Top of RECORDED INFORMATION

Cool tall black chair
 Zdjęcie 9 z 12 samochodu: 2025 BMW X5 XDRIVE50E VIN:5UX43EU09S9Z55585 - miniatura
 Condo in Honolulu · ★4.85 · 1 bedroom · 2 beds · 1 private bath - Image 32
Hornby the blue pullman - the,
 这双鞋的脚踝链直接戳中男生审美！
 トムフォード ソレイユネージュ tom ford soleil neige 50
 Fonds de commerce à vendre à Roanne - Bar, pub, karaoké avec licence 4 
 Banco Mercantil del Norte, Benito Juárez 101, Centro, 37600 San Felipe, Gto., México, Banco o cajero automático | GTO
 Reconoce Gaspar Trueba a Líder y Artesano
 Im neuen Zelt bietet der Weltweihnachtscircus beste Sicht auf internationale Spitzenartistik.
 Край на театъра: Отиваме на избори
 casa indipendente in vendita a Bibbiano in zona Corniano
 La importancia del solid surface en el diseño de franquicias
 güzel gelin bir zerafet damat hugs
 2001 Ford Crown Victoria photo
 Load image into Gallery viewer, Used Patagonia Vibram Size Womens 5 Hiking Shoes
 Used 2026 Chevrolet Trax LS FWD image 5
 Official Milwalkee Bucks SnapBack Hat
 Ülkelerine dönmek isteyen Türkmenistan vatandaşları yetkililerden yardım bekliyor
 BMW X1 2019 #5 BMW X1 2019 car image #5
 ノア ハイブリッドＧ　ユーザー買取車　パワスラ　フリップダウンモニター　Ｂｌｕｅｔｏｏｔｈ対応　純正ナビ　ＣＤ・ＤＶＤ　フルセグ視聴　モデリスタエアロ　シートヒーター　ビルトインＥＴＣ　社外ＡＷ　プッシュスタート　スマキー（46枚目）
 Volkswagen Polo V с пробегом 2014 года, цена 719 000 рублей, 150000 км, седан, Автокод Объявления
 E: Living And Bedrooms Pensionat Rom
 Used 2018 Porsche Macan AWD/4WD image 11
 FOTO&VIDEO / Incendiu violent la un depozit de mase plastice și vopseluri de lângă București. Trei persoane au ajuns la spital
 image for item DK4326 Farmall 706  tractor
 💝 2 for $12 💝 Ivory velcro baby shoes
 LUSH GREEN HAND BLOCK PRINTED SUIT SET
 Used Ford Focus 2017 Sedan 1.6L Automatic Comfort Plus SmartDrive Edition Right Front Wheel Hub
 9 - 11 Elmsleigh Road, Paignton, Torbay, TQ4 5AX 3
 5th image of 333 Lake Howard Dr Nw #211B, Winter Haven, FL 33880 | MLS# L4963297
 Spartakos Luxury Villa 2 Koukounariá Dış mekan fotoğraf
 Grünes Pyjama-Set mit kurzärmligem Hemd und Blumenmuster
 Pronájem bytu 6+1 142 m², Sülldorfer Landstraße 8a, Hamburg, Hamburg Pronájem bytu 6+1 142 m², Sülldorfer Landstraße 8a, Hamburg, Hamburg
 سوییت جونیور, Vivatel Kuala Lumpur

Bottom of RECORDED INFORMATION

A line belongs in the answer if it contains the word "Used"; copy every such line from the data above.

## FINISHED TASK
 Load image into Gallery viewer, Used Patagonia Vibram Size Womens 5 Hiking Shoes
 Used 2026 Chevrolet Trax LS FWD image 5
 Used 2018 Porsche Macan AWD/4WD image 11
 Used Ford Focus 2017 Sedan 1.6L Automatic Comfort Plus SmartDrive Edition Right Front Wheel Hub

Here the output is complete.